Les enjeux majeurs de la normalisation diplomatique entre le Bénin, le Niger et le Burkina Faso
Les récentes missions diplomatiques effectuées par Romuald Wadagni à Abuja, Niamey et Ouagadougou marquent le début d’une phase de stabilisation des relations de voisinage. Ce processus de normalisation repose sur des nécessités économiques et sécuritaires concrètes, visant à rétablir des canaux de communication directs après une période de fortes tensions politiques dans la région.
Une interdépendance économique et logistique vitale
La géographie impose une solidarité de fait entre le Bénin et ses voisins du Sahel. Pour le Niger et le Burkina Faso, pays dépourvus de façade maritime, l’accès aux marchés mondiaux passe impérativement par les infrastructures portuaires béninoises. Le corridor Cotonou-Niamey et les axes routiers vers Ouagadougou sont des maillons essentiels pour l’acheminement des biens de consommation et des équipements.
De son côté, le Bénin tire une part significative de sa croissance de l’activité du Port Autonome de Cotonou, dont la performance est liée au volume de fret transitant vers l’hinterland. Cette complémentarité est illustrée par le projet stratégique du pipeline reliant les champs pétroliers d’Agadem au terminal de Sèmè-Kpodji. Cet investissement lie les deux nations : le Niger a besoin de cette infrastructure pour exporter son brut, tandis que le Bénin bénéficie des redevances de transit. La mise en place d’un comité d’experts pour lever les entraves à la circulation sous quinze jours souligne l’urgence de protéger ces intérêts mutuels.
La coordination sécuritaire dans la zone du Parc W
Sur le plan de la défense, la menace des groupes armés non étatiques et de la criminalité transfrontalière exige une réponse multilatérale. Le Burkina Faso, le Niger et le Bénin partagent l’espace stratégique du Parc W, une zone complexe devenue vulnérable. La reprise du dialogue direct permet de relancer la coopération militaire et le partage de renseignements géographiques.

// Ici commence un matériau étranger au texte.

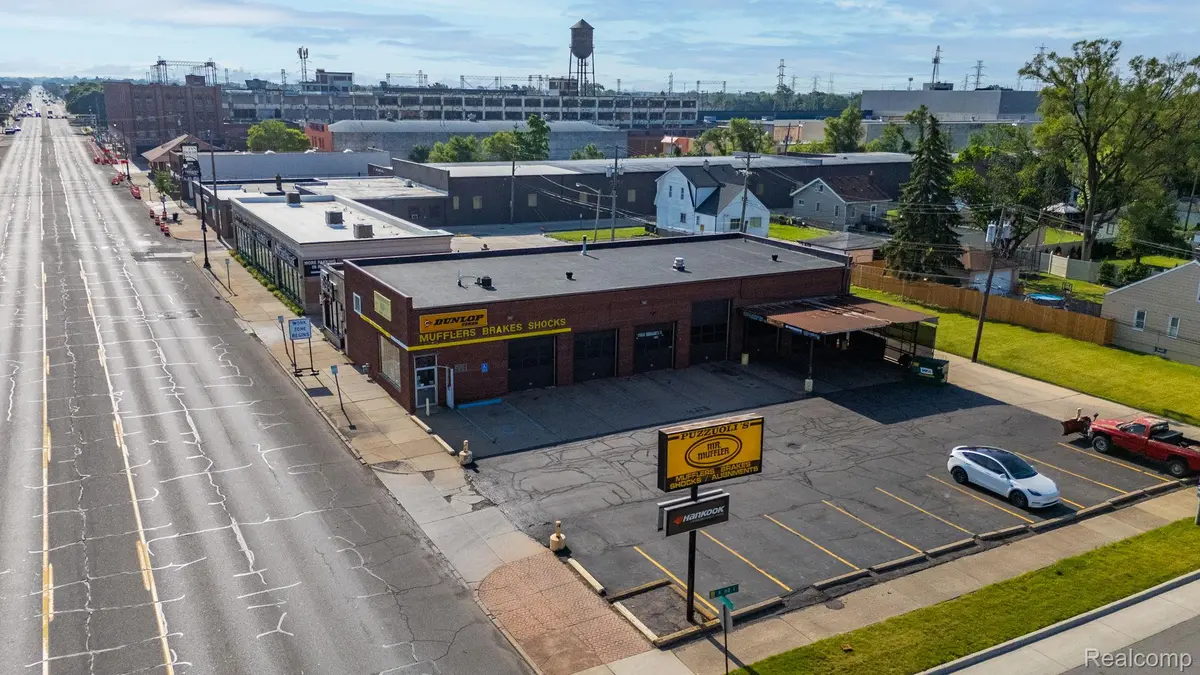 14433 W Warren AVE, Dearborn, MI 48126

L’objectif est de mettre fin à l’isolement des stratégies nationales pour privilégier des mécanismes opérationnels conjoints, tels que des patrouilles coordonnées. Pour les autorités béninoises, la stabilité du territoire national est techniquement indissociable de la sécurité globale dans la zone sahélienne, rendant cette concertation indispensable.

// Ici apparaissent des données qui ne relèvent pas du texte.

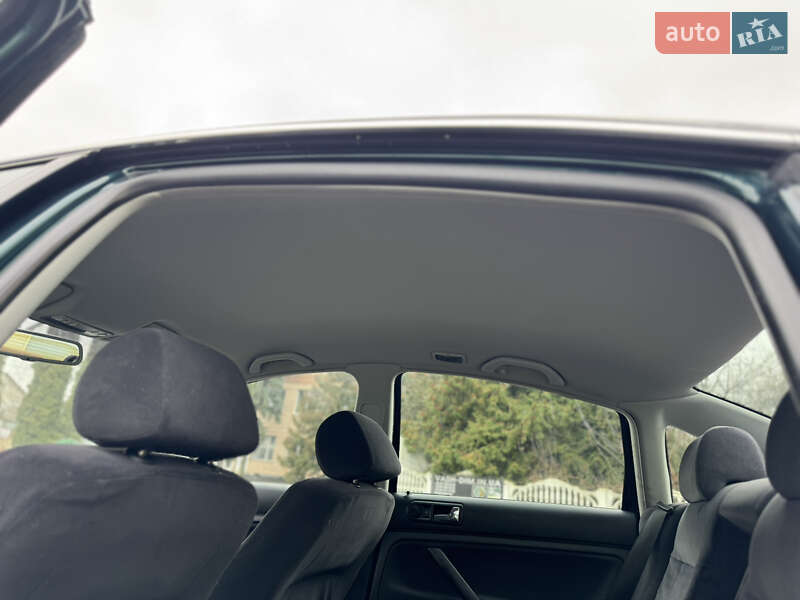 Седан Volkswagen Passat 2001 в Дубно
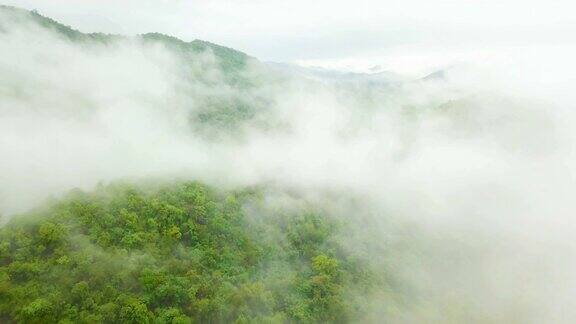 泰国山上的天空和雾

Équilibre diplomatique entre la CEDEAO et l’AES
Cette démarche s’inscrit dans un calendrier politique réfléchi. En se rendant d’abord au Nigeria, pivot de la CEDEAO, avant de rencontrer les dirigeants du Niger et du Burkina Faso, membres de l’Alliance des États du Sahel (AES), la diplomatie béninoise cherche à jouer un rôle d’interface.
Il s’agit de concilier les engagements régionaux avec la nécessité de maintenir des flux économiques fonctionnels. Dans un contexte de redéfinition des alliances en Afrique de l’Ouest, la préservation de ces échanges bilatéraux est perçue comme un levier majeur pour réduire les risques géopolitiques et assurer la sécurité des populations locales. Cette normalisation répond à une évaluation pragmatique des réalités du terrain, où la souveraineté des États doit composer avec les impératifs de l’intégration régionale.